Namaku Norman (bukan nama sebenarnya. Penulis). Aku akan menceritakan pengalaman mendaki gunungku di tahun 2006. Waktu itu aku masih kuliah di semester 7. Aku menyukai kegiatan mendaki gunung.
Meskipun belum bisa juga dikategorikan sebagai “Anak Pecinta Alam” yang kegiatannya rutin mendaki berbagai gunung. Mendaki gunung kulakukan semata-mata karena aku menyukai dan mengagumi keindahan gunung dengan hutan rimbanya, hawanya yang sejuk, dan udaranya yang menyegarkan.
Saat itu adalah pengalaman pertamaku ke Gunung Gede yang berada di Jawa Barat, tepatnya di antara Kabupaten Bogor, Kabupaten Cianjur, dan Kabupaten Sukabumi.
Dahulu ketika masih di bangku sekolah dasar aku sudah sering mendengar cerita-cerita tentang Gunung Gede, tapi seputar kisah-kisah kejadian mistisnya.
Aku ingat pernah membaca berita di koran sekelompok anak muda yang sedang berwisata ke daerah Kebun Raya Cibodas yang merupakan bagian dari kawasan Gunung Gede, saat mereka berfoto pada sebuah air terjun mereka terkejut melihat hasil fotonya.
Di antara tirai air terjun yang menjadi latar foto nampak kepala manusia yang sangat besar. Apabila ditegasi itu merupakan kepala sosok raksasa. Entah bagaimana penjelasannya akan fenomena tersebut mengingat kala itu belum ada aplikasi foto editor.
Bahkan belumlah era telepon genggam seperti sekarang. Namun demikian jika sudah berada di gunung aku sedikit melupakan hal-hal yang mistis dan menyeramkannya.
Pesona dan keindahan pegunungan mampu mengalihkan semua hal itu. Paling tidak bagiku. Tapi tetap saja doa dan kewaspadaan selalu mengiringi langkahnya saat mendaki gunung.
Baiklah, kembali ke kisah pendakianku. Aku mendaki Gunung Gede bersama teman-teman kuliahku. Salah satu teman kuliahku mengajak teman-teman alumni SMA-nya. Jadilah total pesertanya 9 orang.

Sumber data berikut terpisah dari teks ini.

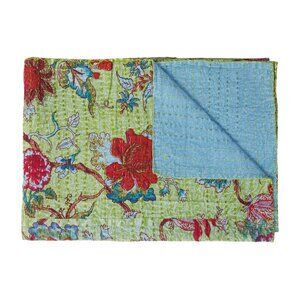 Taj Hotel Home Decor Kantha Cotton Throw | 1-Piece | Multicolor | 50"x70"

Titik awal pendakian kami dari Cibodas, dan rencananya turun dari Gunung Putri. Kami merencanakan pula berapa lama kami mendaki. Dikarenakan kami semua kuliah dan saat itu sedang masa liburan maka ditetapkan pendakian itu akan berlangsung selama 3 hari 2 malam.
Itu merupakan pendakian yang santai, kami memang hendak menikmati semaksimal mungkin. Sebenarnya sih malam pertama kami bermalam di camp 2. Itu dikarenakan memang kami tiba di Cibodas saat hari sudah malam pukul 8. Paginya setelah sarapan barulah kami melanjutkan perjalanan.
Saat menyusuri jalur pendakian suasananya begitu ceria. Terkadang keluar juga bercandaan dengan kata-kata makian kasar bahkan menyerempet porno. Lalu tawa yang lepas membahana. Ya maklumlah, namanya juga anak muda, seringnya sembrono dan tidak berpikir panjang.
Akhirnya pada sore hari kami tiba di camp yang bernama Kandang Badak. Camp Kandang Badak merupakan camp terakhir rute Cibodas sebelum mencapai puncak Gunung Gede. Camp itu juga merupakan persimpangan apabila hendak menuju ke puncak Gunung Pangrango.
Di Kandang Badak kami mendirikan tenda. Rencananya kami akan melakukan pendakian ke puncak pada waktu dini hari pukul 3 untuk dapat menikmati matahari terbit dari puncak Gunung Gede. Istilah yang dikenal di kalangan pendaki adalah Summit Attack.
Malam hari itu diisi dengan keceriaan bahkan kehebohan, atau malahan kegaduhan. Bayangkan, di camp Kandang Badak bukan kami saja rombongan pendaki, banyak juga rombongan lainnya.
Meski tidak seramai jika pendakian di bulan Agustus yang biasanya digelar seremonial upacara 17 Agustus di lapangan Surya Kencana.
Di antara rombonganku saja sudah ramai dan seru dengan candaan, saat itu kepada “tetangga” tenda-tenda dari rombongan pendaki lainnya juga kami saling bergurau, melemparkan candaan dan celaan-celaan.
Tentu saja tanpa maksud menghina, namun agar menghangatkan suasana malam yang sangat dingin.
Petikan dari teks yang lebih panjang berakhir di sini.